I wasn’t arguing with that, I’m just wondering what the best way of going about it is (and not claiming to have the answer). Thanks for doing this, btw.
Thanks
Though I do think that metadata should be an essential part of DataFrames, you bring up a good point, in that it is currently impossible to implement a new type of AbstractDataFrame
. join(::AbstractDataFrame, ::AbstractDataFrame)
, for example, actually calls the DataFrame
constructor. I’m not sure its priority now to clarify a small set of functions that constitute the whole AbstractDataFrame
api, but it should probably be on the radar.
I think it makes sense to add this to DataFrame
, given that the overhead should be negligible when there is no meta-data (and actually even when there is). A custom AbstractDataFrame
type would have to duplicate a lot of code just to add this feature.
One argument is that if you use a separate AbstractDataFrame
, there’s no limit on what metadata-related features you might add to it, whereas with a DataFrame
that may or may not be true. (I suppose that depends on what people are thinking of adding.) Remember that in some cases it’s appropriate to create these things in the millions (e.g. returns from by
operations) so even constructors should be kept as simple as possible.
You should take a look at my PR, because constructors are still something to work out. So far all new constructors just have metadata
as an empty dict.
Another alternative is to use sparse vectors to store metadata, if it works out that they store less space. I’d be interested to hear your comments on it on github.
I don’t think that’s a problem. If we set the metadata
field to nothing
by default, it will have a really low cost. And even if we set it to an empty Dict
, it will be quite cheap. (BTW, for by
, we should allow returning named tuples or arrays thereof, which will be much more efficient.)
I’ve recently been thinking about another reason why I think this should in some part depend on other AbstractDataFrame
implementations rather than just adding metadata to DataFrame
(perhaps some of both).
I often find it very useful to dispatch on particular “datasets”. Lately I’ve been developing a pattern of having dataset Designator
s. Functions then dispatch on those and provide some metadata for me, among other things. I was thinking that it would be really cool if it were trivially easy to implement AbstractDataFrame
s, another abstract type T <: AbstractDataFrame
or a parametric type that I can then dispatch on. I’ve been finding patterns like this to be very useful for writing code with easy to follow “pipelines” for reformatting badly formatted data.
Can you explain theDesignator
idea a bit more? I’m intrigued, but don’t think I actually grok what you mean.
In a previous life my data was almost always hierarchical, and sometimes I made them into C++ objects equipped with useful methods. Which methods were useful would depend on what the structure is like.

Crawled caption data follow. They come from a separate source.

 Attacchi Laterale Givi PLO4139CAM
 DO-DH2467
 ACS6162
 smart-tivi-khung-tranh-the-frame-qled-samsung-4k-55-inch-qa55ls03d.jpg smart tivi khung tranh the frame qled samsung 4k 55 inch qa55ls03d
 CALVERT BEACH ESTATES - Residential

Now, I often have several different tables representing different data. I always have to do a significant amount of processing to get these into a useful form, what I have to do depends on what the table represents. In the best case scenario, these tables ultimately become more pedestrian Julia objects with some numeric and Array
fields with appropriate methods, but part of the reason I have found it so hard to get away from tabular formats is not just because that’s what I’m given, but because it’s usually so difficult to get a straight answer on what the data actually represents and what I can do with it and the ability to do relational database operations can often partially mitigate the pain.

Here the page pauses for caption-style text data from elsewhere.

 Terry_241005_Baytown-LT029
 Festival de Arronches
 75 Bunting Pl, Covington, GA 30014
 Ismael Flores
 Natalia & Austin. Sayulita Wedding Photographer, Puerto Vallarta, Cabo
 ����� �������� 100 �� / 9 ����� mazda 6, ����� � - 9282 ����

Anyway, just because the various different datasets aren’t exactly the same doesn’t mean that no code can be shared between them, but in Julia the fact that they are all DataFrame
s can make it more difficult than it normally would be to make code generic. For example, a typical pattern I often have is to just define lots of functions for loading an pre-processing that look eerily like they would in Python
function load_dataset_1()
# code here
end
function load_datset_2()
# other code here
end
function do_stuff_to_dataset_1(df::AbstractDataFrame)
# more code here
end
function do_stuff_to_dataset_2(df::AbstractDataFrame)
# some other things here
end
This pattern is terrible because it is very non-generic and comes with a very high risk of changes not propagating correctly. However, I’m increasingly replacing this pattern with something like
abstract type Designator end
struct DataSet1 <: Designator
# some metadata fields
end
struct DataSet2 <: Designator
# some other metadata fields
end
function load(des::Designator)
df = loadraw(des) # loads data from somewhere
df = prep(des, df) # initial 1-to-1 transformations
df = aggregate(des, df) # many-to-1 aggregations (extending DataFrames function)
df = postprep(des, df) # final 1-to-1 transformations
end
I find that this is usually much more conducive to writing generic code. In practice I’ve been noticing that I can typically share a great deal of code between loadraw
, prep
and postprep
while aggregate
is usually quite different for each dataset (other than always using by
). (I’ve also left out join
s here which can get a little more complicated.) I’ve also been finding this sort of pattern makes it much easier for me to keep track of what is happening to my data sets and to make fewer mistakes. Exactly what metadata the Designator
holds depends on the application, but for example it may contain information needed to locate a file to load, some sort of date range or a database connection string.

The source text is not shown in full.